Christopher St John Sprigg (1907- 1937) was born in London to a literate family of writers, journalists and editors. The youngest of three children, Sprigg attended Catholic boarding school for ten years, until a downturn in family finances prompted a departure from schooling at age 15. He immediately became a trainee reporter at the Yorkshire Observer where his father was then literary editor, and father and son lodged together in a boarding house in Bradford. He kept wry observations about the residents, “two old ladies in the boarding house who used to put on their hats, gloves & prayer books to listen to the BBC Church Service in their room on Sundays and who used to send invitations by the maid to the next door bedroom inviting them to teas”. No doubt these experiences provided background for his first detective novel Crime in Kensington, with its genteel Garden Hotel and comic residents Miss Geranium, who receives messages from the prophet Ezekiel, and Miss Mumby, owner of the ‘tracker’ cat Socrates.
In 1925 Sprigg joined his older brother Theo as the editing team of Airways magazine. During this time Sprigg also produced technical books and air adventures stores for Popular Flying magazine.
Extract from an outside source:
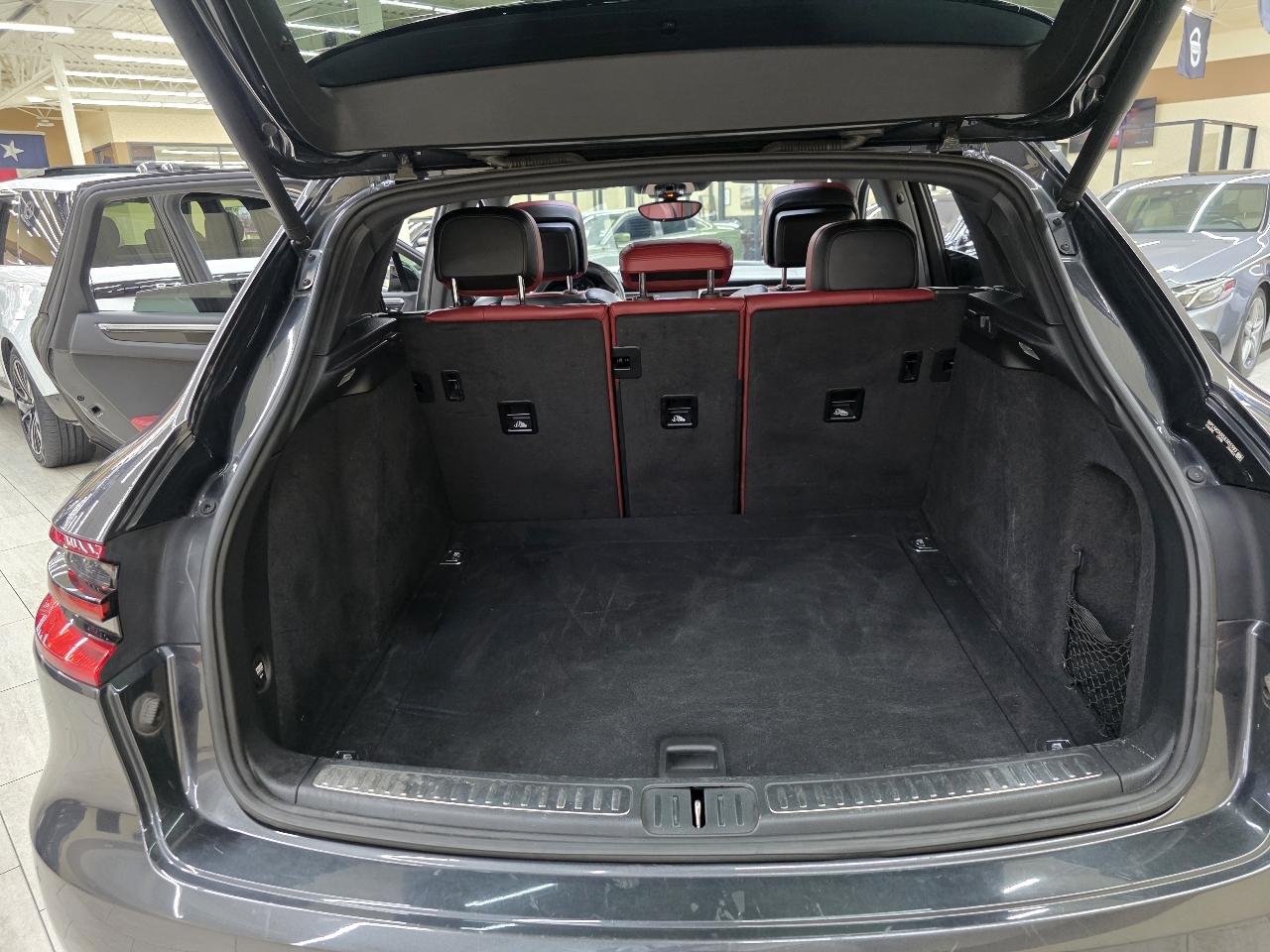 Porsche Macan  2018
He had a fondness for noms-de-plumes, writing adventure stores under the names ‘Arthur Cave’ and ‘Icarus’, using ‘St John Lewis’ for articles in Airways, and ‘Christopher Beaumont’ for his book reviews.
Over a three year period, Sprigg wrote several more detective stores stories including Fatality in Fleet Street, The Perfect Alibi and Death of an Airman. and Death of a Queen. In 1935, he joined the Communist party and focused on Marxist writings. When the Spanish Civil War broke out, he drove an ambulance to Spain and joined the International Brigade. After four weeks of training and poorly armed, his unit was thrown into the Battle of the Jarama River in February 1937. He was killed in the first day of fighting, along with more than half of his battalion.
Until recently Christopher St John Sprigg was largely remembered for his Marxist writing and poetry, all of which was published posthumously under the name Christopher Caudwell. The reprinting of Death of an Airman by the British Library in 2015 has helped revive interest in his fiction.